**Goal of the exercise**
Would you copy the records exactly, leaving the pictures out?

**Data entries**
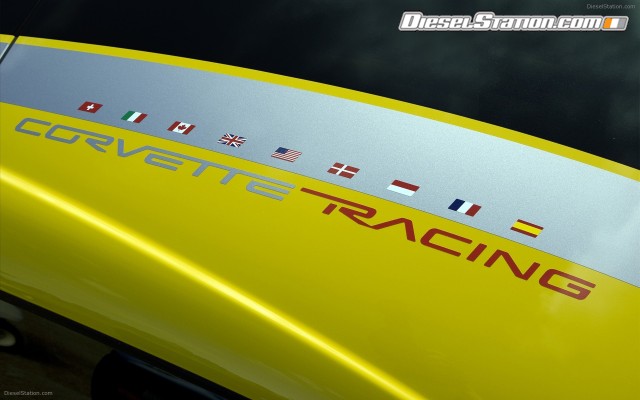 Chevrolet 2009 GT1 Championship Edition Widescreen Picture #28 Chevrolet 2009 GT1 Championship Edition Widescreen Picture #28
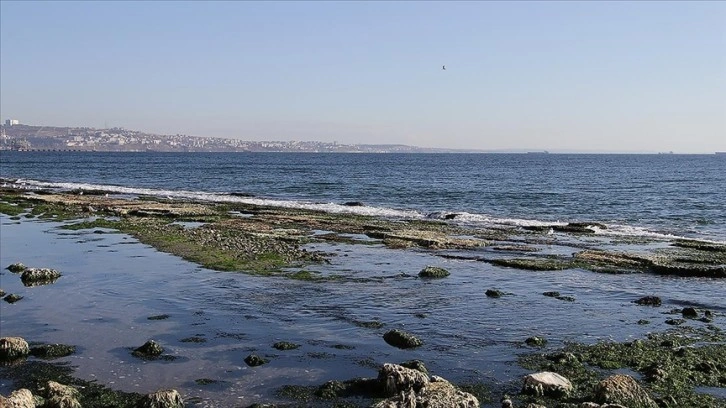 Marmara Denizi'ndeki çekilme meteorolojik bir durum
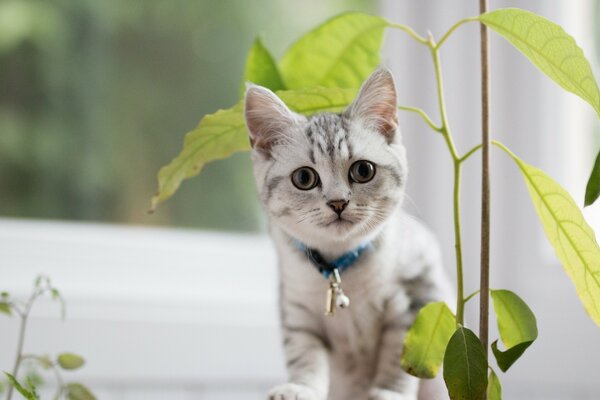 British shorthair cat with a flower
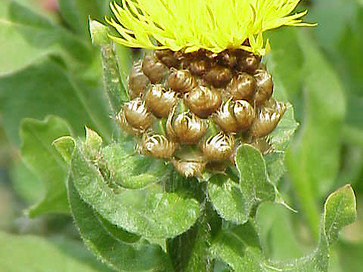 Centaurea Macrocephala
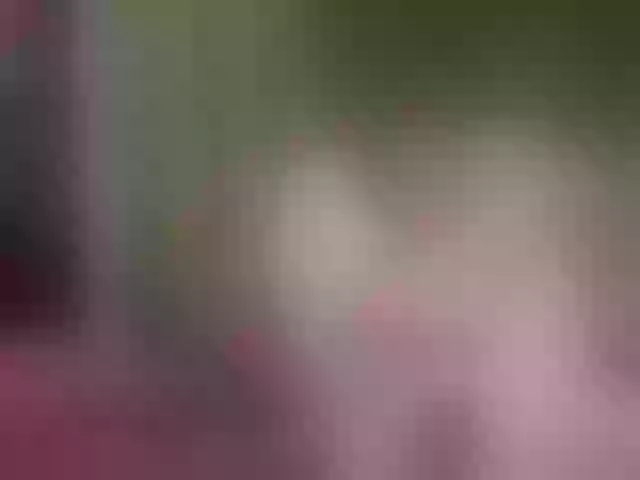 Live sex webcam photo for grettajames #291202798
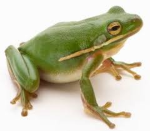 Frog squad(made by spikie)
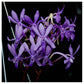 Vanda Darwinara Blue Charm - Without Flowers | BS - Buy Orchids Plants Online by Orchid-Tree.com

**Your solution**
 Chevrolet 2009 GT1 Championship Edition Widescreen Picture #28 Chevrolet 2009 GT1 Championship Edition Widescreen Picture #28
 Marmara Denizi'ndeki çekilme meteorolojik bir durum
 British shorthair cat with a flower
 Centaurea Macrocephala
 Live sex webcam photo for grettajames #291202798
 Frog squad(made by spikie)
 Vanda Darwinara Blue Charm - Without Flowers | BS - Buy Orchids Plants Online by Orchid-Tree.com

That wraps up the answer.